January 31, 2011
The side-scrolling platformer was once among gaming’s most popular genres. Their narratives could be accurately conveyed in a few sentences and the characters’ motivations were hazy at best. For the generation that grew up with these titles, none of that really mattered. Whenever smooth and responsive controls were happily married with clever level design, no one was concerned with why they were running and jumping from one end of a stage to the other. Antipole, from indie developer Saturnine Games, is an enjoyable take on that classic formula that relies on an interesting twist to keep things fresh.
For some (presumably) diabolical reason, hordes of robots have invaded the world of our silent hero and it is up to him alone to stop them. That is essentially everything there is to tell about the tale of Antipole. This basic approach works just fine for the game. In fact, I prefer it over some trite story of a kidnapped damsel or political leader that has no real bearing on jumping from ledge to ledge . Antipole is all about successfully navigating mazes full of spikes, acid and those despicably evil robots while relying on gravity manipulation.
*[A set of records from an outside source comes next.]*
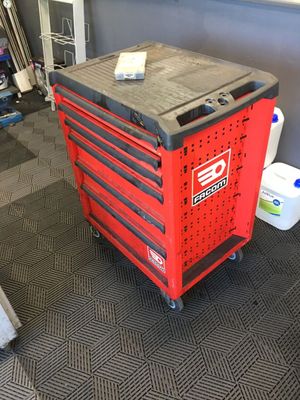 une photo d'une boîte à outils rouge dans un garage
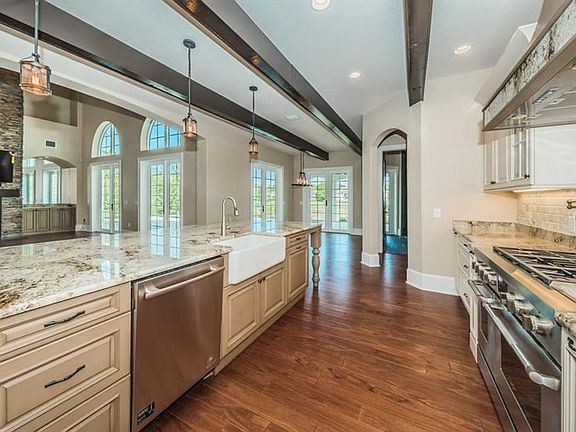 5th image of 874 Skye Ln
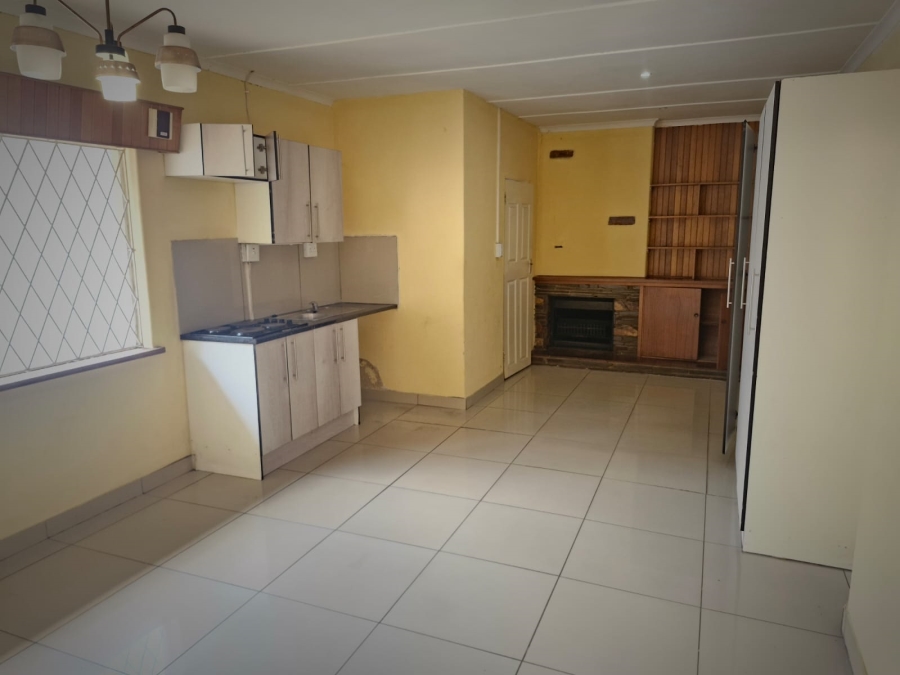 6 Bedroom Property for Sale in Westdene Gauteng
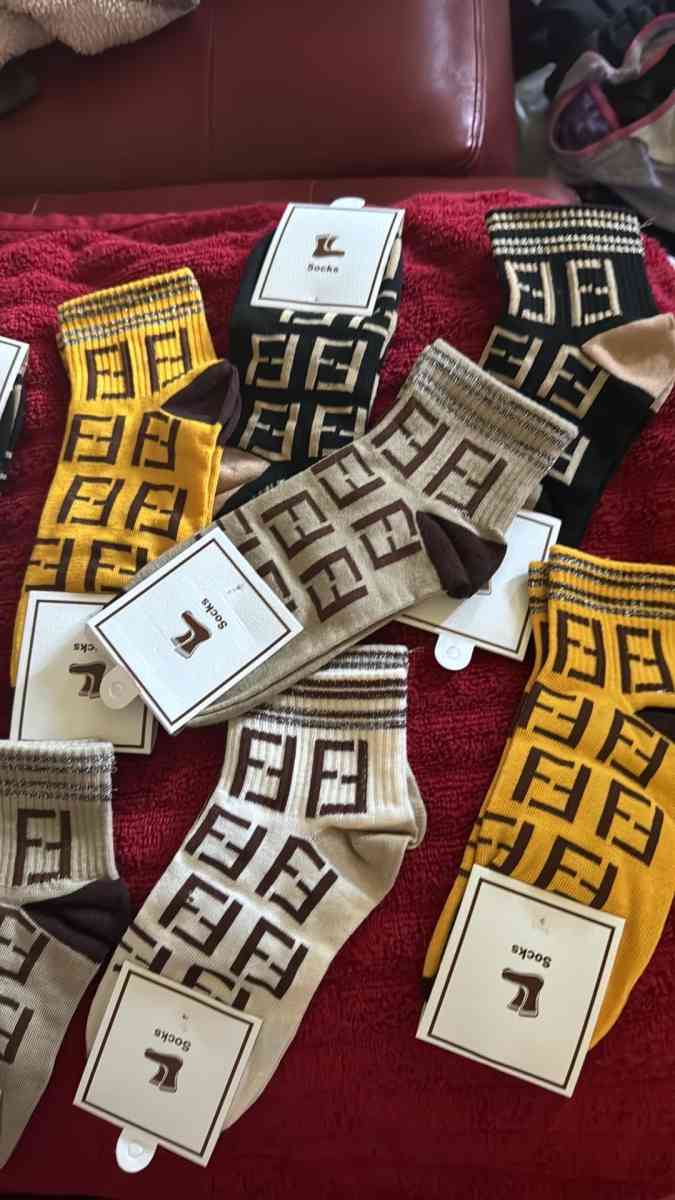 Socks one size fits all - Mc Lean, Virginia - FleaMarketBay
The only living character in the game is the protagonist (who looks like he was ripped out of the panels of a Dick Tracy comic) that conveniently stumbles upon the Gravity Manipulator. This useful device allows the player to reverse the polarity flow with a pull of the trigger. You will need to lean heavily on this item in order to successfully navigate the many platforming challenges and occasional puzzles. It also provides gamers with some additional options with which to disperse of the aforementioned evil robots. You could choose to gun most of them down with the Pulse Gun, the only other tool at your disposal, but is far more enjoyable to destroy them with environmental hazards via the Gravity Manipulator.
The manipulator’s primary function however, is to allow you to get through otherwise impassable dangers. Although its uses may seem basic and obvious in the early stages, the difficulty quickly ramps up and later levels require careful planning when bending gravity to your will. A power bar restricts the reversal of gravity to a few seconds and only restores when you are standing upright (as opposed to being inverted during polarity manipulation).
The pacing feels spot on, as new challenges and wrinkles to the established formula are thrown into the mix whenever things begin to feel a bit too familiar. Levels increase in difficulty at a steady clip and provide a thoroughly enjoyable challenge down the final stretch. Changes in gravity strength and the introduction of enemies that can manipulate the polarity ensure that things stay fresh. Death comes frequently on the harder stages, especially for anyone who is as bent on grabbing each board’s three hidden coins as I was. You’ll often have to place yourself in harm’s way to obtain them, but collecting the coins is both fun and rewarding. They can be cashed in to unlock special challenges. These are quick stages that require the completion of a basic objective. The primary campaign is certainly the bigger draw, but these extra boards offer a fun incentive for you to revisit the title after the credits roll.
Most gamers will plow through the 20 main stages in short order and younger players may be turned off by the difficulty. Dying rarely feels like a cheap and aggravating inconvenience though. It mostly comes as a result of rushing ahead too quickly or not properly utilizing the Gravity Manipulator. The sole platforming annoyance is the inability to get the hero to perform a running jump at what feels like the last second before falling off an ledge. I would have preferred a little more leeway in this area, but it’s a minor inconvenience that you will eventually become acclimated to.
Antipole is a solid choice if you’re in the market for a quick and inexpensive side-scroller. The Playstation Generation might be turned off by its throwback approach, but more seasoned gamers will appreciate the game for that exact reason. A satisfying challenge, solid controls and an appropriately classic sound track make Antipole an attractive little package.
Out Of 5
Intentionally old school graphics add to the nostalgic vibe the game gives off. The protagonist's bright wardrobe keeps him in the spotlight while you're fighting your way through the drab lair of the machines.
There isn't much in the way of variety here, but Antipole's classic sounds meld perfectly with a game heavily inspired by the designs of yesteryear.
Aside from falling off ledges when I was certain that I had hit jump in time, humanity's nameless savior is simple and satisfying to control.
The core challenge of avoiding hazards while manipulating gravity makes for a brief but fun romp. The platforming is broken up by the odd puzzle and a handful of forgettable boss fights. That being said, the final battle is an exciting and chaotic encounter.
Despite being a one-trick pony, Antipole is great fun while it lasts. Unfortunately it ends in short order and suffers from a couple of dull boss encounters.